Fort Erie Mayor Wayne Redekop said there are 8,000 residents in Fort Erie without a family doctor so their first point of contact with the health care system is an urgent care centre.
“We need the province to take action on the ‘state of our emergencies’ and avoid further consequences and failures of our provincial health care system to provide quality health care that Fort Erie and all Ontarians need and deserve,” said Redekop.
“There should be no second class citizens when it comes to health care in Ontario.”
Niagara Centre MPP Jeff Burch said the numbers were even worse in Port Colborne. “Around 10,000 people in Port Colborne are without a family physician, and folks that rely on the Port Colborne and Fort Erie Urgent Care Centres will need to travel to other facilities in Niagara which often already operate above 100 per cent capacity.”
Niagara Falls MPP Wayne Gates, who also represents Fort Erie and Niagara-on-the-Lake, said the Province is in a position to fix the health care situation but won’t.
“(Premier Doug) Ford has the means to provide immediate emergency funding for Fort Erie, an urgent care centre in my community that helps take the burden off our emergency rooms,” said Gates.
“We have a crisis in our health care system, here in Fort Erie and across the province of Ontario because this government has refused to address healthcare staffing shortages. The people of Fort Erie deserve better – it’s time for Ford to step up to the plate and show some leadership and support.”
In announcing Niagara Health’s decision, President and CEO Lynn Guerriero says it is a necessary step to maintain emergency departments in the region.

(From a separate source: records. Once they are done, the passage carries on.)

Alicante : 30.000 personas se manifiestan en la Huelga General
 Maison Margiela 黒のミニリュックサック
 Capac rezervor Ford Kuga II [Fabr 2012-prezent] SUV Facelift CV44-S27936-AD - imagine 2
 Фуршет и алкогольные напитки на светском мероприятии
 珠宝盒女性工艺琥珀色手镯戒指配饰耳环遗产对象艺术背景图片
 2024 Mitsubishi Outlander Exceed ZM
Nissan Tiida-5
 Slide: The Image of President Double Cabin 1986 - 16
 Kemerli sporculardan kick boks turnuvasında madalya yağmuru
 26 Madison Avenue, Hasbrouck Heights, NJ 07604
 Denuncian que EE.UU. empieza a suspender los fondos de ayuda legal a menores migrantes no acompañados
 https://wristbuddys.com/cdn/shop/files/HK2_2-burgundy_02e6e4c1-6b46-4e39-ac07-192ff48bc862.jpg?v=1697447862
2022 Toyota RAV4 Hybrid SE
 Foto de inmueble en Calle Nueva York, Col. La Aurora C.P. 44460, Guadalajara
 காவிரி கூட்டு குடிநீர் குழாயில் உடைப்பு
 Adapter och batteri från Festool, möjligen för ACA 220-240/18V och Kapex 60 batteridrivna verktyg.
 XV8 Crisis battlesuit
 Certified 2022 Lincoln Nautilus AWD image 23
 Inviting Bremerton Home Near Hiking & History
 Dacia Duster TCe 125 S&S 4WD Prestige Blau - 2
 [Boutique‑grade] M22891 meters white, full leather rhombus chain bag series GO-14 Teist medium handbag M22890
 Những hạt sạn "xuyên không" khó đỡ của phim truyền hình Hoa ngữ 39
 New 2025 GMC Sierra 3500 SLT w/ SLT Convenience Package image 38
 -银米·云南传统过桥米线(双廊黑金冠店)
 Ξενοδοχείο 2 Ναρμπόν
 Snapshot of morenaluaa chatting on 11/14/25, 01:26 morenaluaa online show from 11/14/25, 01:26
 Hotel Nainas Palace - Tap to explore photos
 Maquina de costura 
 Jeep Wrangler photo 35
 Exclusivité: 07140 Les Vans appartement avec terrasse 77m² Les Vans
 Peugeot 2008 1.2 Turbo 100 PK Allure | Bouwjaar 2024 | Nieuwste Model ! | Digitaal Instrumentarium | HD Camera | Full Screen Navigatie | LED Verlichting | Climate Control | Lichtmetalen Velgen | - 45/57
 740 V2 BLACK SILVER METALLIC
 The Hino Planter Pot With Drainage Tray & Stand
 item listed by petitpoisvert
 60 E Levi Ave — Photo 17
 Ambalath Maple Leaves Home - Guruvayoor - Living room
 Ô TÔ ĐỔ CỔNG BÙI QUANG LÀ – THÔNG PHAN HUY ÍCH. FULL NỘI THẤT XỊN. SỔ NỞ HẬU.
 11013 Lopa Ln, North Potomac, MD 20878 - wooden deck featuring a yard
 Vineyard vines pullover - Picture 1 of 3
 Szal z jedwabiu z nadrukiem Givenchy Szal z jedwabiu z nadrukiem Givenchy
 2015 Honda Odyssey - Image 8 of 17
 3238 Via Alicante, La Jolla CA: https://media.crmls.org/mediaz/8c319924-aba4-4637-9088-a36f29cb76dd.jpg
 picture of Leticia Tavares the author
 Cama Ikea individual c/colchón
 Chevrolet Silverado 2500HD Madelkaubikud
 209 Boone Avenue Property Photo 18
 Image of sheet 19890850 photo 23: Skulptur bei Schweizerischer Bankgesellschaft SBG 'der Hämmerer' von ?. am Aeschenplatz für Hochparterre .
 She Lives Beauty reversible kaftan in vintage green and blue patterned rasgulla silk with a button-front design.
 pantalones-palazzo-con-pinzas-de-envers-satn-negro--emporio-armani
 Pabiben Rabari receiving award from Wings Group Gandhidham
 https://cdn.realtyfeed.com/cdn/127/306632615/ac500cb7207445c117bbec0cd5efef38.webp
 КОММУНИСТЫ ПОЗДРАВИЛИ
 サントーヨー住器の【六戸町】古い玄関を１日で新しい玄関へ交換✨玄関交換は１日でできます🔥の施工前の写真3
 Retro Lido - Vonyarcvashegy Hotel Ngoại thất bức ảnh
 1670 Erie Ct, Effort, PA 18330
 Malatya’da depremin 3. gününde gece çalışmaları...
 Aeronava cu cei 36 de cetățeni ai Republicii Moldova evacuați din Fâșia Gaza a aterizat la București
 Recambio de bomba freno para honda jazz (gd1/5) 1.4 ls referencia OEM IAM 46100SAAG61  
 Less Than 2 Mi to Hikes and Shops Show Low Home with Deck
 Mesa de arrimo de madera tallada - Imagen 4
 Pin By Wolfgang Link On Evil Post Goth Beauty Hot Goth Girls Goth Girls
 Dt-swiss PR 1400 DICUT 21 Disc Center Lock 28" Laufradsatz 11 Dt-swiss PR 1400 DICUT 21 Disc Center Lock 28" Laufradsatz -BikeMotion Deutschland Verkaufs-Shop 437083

“The priority for us and the commitment we are making to the community is that we will do everything we can to keep our emergency departments open so those being Welland, Niagara Falls, and St. Catharines. In order to do that we have to have the ability to redeploys some of our physicians who would normally work overnight in the urgent care centres to work in our emergency departments.”
As it is, in July and August alone, the health unit said their emergency departments will be short 274 physician shifts and scrambling to fill the holes.
Even with the overnight closures in Fort Erie and Port Colborne, Guerriero said they are going to be short staff throughout the summer.